Work required ::
Only the tail of the listing is wanted: the line containing "Thom Browne Thom" and all after it, repeated exactly, pictures omitted.

Provided material START

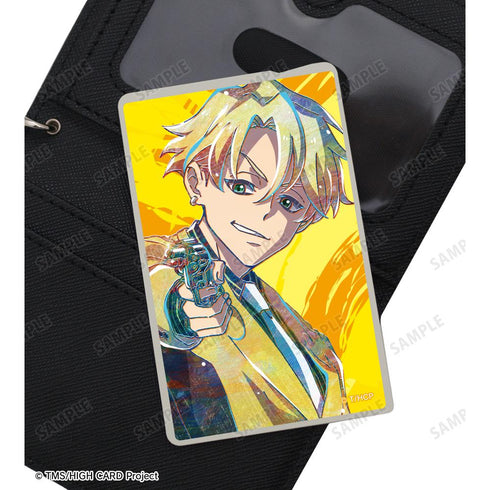 『HIGH CARD』トレーディング Ani-Art カードステッカー(単位/BOX)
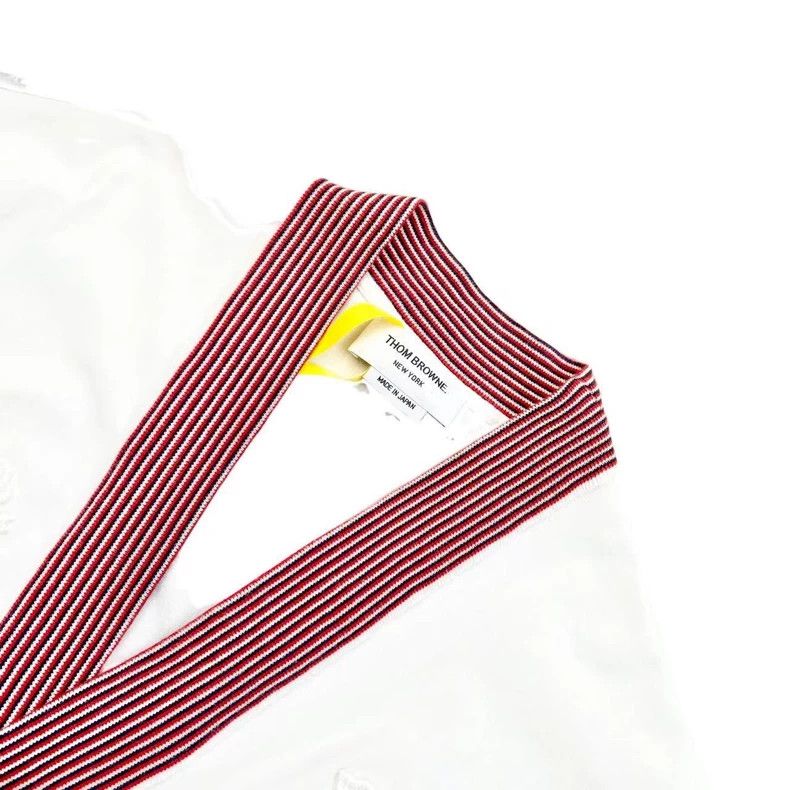 Thom Browne Thom Browne Eastern embroidery series cardigan Size US L / EU 52-54 / 3 - 3 Thumbnail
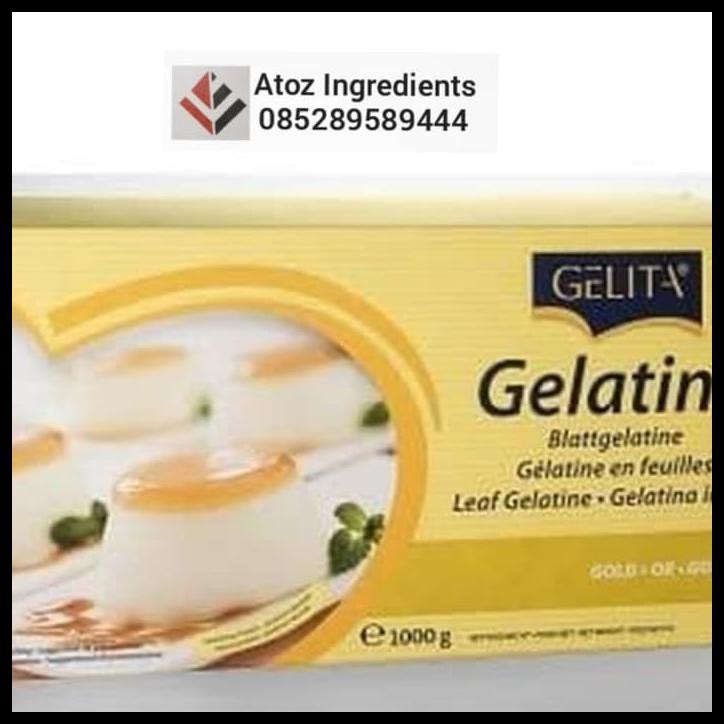 Jual GELATINE SHEET 3 SHEET / GELATIN LEMBARAN 3 LEMBAR Shopee Indonesia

Provided material END

Answer section ::
 Thom Browne Thom Browne Eastern embroidery series cardigan Size US L / EU 52-54 / 3 - 3 Thumbnail
 Jual GELATINE SHEET 3 SHEET / GELATIN LEMBARAN 3 LEMBAR Shopee Indonesia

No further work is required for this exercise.